Maßgeblich für die Gestalt des Verwaltungsgebäudes - das Bedürfnis nach einem Rathaus (domus civium, domus consulum) wuchs mit dem Aufkommen der Ratsverfassung (Konsulat) seit dem Ende des 12. Jahrhunderts - waren die kommunalen Handlungsfelder, das Selbstverständnis des Rates und dessen politische Position. Der Stadtrat regierte im Mittelalter neben dem Stadtherrn, übernahm zwar allmählich stadtherrliche Befugnisse und Ämter, trat jedoch nicht an seine Stelle. In Würzburg zum Beispiel verhinderte der mächtige Bischof einen eigenständigen Rathausbau, während anderswo die Initiative für einen Neubau vom Stadtherrn ausging (Marburg). Innerhalb der Stadt entwickelte sich der Rat, der ursprünglich Gemeindevertreter war, im Laufe des 13. Jahrhunderts zur Obrigkeit. Es ist ein vielschichtiges Beziehungsgeflecht: Stadtherr - Rat - Bürger - Nichtbürger. Entsprechend unterschiedlich sind die Voraussetzungen, die im Mittelalter in Deutschland zum Bautyp Rathaus geführt haben.
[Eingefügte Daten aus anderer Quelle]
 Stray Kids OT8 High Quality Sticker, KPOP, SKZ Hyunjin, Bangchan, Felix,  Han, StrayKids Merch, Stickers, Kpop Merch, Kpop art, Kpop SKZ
Im Mittelpunkt des vorliegenden Buches stehen Fragen nach dem Wesen und dem Selbstverständnis des Rates als Bauherrn, nach der Zweckbestimmung der Gebäude, deren Rolle im öffentlichen Leben der Stadt, nach der Herkunft der Formen und ihrer Rezeption. Albrechts vorrangiges Interesse gilt der Erfassung des Materials - ohne Anspruch auf Vollständigkeit (8). "Die kunst- und kulturgeschichtliche Stellung des mittelalterlichen Rathauses" betitelt der Autor den ersten komparativen Teil, der einen Überblick über die Gestaltungen und Funktionen gibt. Im zweiten, weitaus umfangreicheren Abschnitt werden die einzelnen Rathäuser in ihrem regionalen Zusammenhang katalogartig vorgestellt. Die geografische Beschränkung umfasst die Städte deutschen Rechts, die zeitliche Obergrenze bildet die zweite Hälfte des 16. Jahrhunderts, in der Behördengebäude mit Dienststuben konzipiert wurden.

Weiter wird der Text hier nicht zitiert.